PONTIANAK INFORMASI – Pemerintah Kabupaten Kubu Raya mendukung kehadiran Torasera Abdussalam sebagai wadah pemberdayaan ekonomi rakyat, khususnya UMKM, koperasi desa, dan pondok pesantren.
Bupati Kubu Raya, Sujiwo mengatakan, dukungan tersebut tidak hanya bersifat pribadi, tetapi juga merupakan sikap resmi pemerintah daerah yang sejalan dengan konsep dan pemikiran Presiden RI Prabowo Subianto dalam mendorong pemberdayaan ekonomi masyarakat berbasis lokal.
“Pertama kita pastikan, baik secara pribadi maupun sebagai pemerintah daerah, kami pasti akan memberikan dukungan. Ini adalah konsep dan pemikiran Bapak Presiden tentang bagaimana memberdayakan rakyat, memberdayakan ekonomi, dan memberdayakan masyarakat setempat,” ujar Sujiwo, usai mendampingi Menteri Koperasi Ferry Juliantono, meresmikan Torasera Abdussalam, pada Senin (9/2/26)
Ia menjelaskan, Torasera Abdussalam memiliki peran strategis sebagai offtaker atau penampung hasil-hasil bumi dan karya masyarakat, termasuk produk UMKM serta hasil karya pondok pesantren. Dengan demikian, produk lokal dapat langsung terserap pasar tanpa melalui rantai distribusi yang panjang.
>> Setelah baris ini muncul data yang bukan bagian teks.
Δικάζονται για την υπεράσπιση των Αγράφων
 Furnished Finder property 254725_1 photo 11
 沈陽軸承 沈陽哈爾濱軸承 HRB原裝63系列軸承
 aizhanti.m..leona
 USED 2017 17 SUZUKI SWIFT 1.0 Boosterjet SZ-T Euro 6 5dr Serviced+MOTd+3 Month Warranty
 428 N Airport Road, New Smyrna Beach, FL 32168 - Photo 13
“Di sini hasil-hasil bumi, hasil karya masyarakat, termasuk dari pondok pesantren, bisa langsung ditampung. Ini luar biasa. Torasera juga bisa menjadi mitra Koperasi Desa atau Kelurahan Merah Putih, termasuk mitra pondok pesantren,” jelasnya.
Menurut Sujiwo, kehadiran Torasera Abdussalam sangat selaras dengan kebijakan Pemerintah Kabupaten Kubu Raya yang saat ini tengah gencar menggalakkan penguatan UMKM. Salah satu langkah konkret yang telah diambil adalah penerapan moratorium pendirian ritel modern berjaringan.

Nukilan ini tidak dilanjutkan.